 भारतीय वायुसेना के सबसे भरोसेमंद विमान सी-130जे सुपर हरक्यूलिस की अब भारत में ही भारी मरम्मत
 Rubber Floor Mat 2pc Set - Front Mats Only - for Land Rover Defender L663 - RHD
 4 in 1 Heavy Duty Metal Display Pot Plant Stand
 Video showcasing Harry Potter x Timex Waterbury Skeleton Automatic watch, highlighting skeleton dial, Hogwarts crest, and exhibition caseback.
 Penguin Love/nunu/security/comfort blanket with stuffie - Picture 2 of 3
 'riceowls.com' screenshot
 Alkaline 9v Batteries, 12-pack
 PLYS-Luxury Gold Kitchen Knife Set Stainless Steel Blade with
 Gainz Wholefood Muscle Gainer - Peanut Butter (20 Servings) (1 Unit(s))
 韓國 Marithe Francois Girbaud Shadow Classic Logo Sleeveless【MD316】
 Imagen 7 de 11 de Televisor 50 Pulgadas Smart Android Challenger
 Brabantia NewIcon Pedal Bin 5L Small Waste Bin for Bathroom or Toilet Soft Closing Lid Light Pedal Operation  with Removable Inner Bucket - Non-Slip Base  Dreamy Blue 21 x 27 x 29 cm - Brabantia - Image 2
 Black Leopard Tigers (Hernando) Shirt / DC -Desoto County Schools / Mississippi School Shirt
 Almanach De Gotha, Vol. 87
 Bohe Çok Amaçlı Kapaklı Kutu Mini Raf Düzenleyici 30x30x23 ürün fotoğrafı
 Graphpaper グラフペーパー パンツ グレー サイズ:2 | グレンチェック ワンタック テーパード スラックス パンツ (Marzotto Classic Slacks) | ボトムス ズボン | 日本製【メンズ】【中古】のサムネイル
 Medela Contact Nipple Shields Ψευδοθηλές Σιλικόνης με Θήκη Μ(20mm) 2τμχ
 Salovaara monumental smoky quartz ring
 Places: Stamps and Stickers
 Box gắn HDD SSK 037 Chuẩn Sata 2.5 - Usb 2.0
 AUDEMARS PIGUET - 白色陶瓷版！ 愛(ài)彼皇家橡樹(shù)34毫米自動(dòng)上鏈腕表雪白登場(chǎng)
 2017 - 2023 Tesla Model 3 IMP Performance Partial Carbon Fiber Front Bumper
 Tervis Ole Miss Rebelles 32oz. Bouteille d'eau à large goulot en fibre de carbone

**What needs to be done**. The answer must be every line of the entries that includes the word "Front".

**Answer box**.
 Rubber Floor Mat 2pc Set - Front Mats Only - for Land Rover Defender L663 - RHD
 2017 - 2023 Tesla Model 3 IMP Performance Partial Carbon Fiber Front Bumper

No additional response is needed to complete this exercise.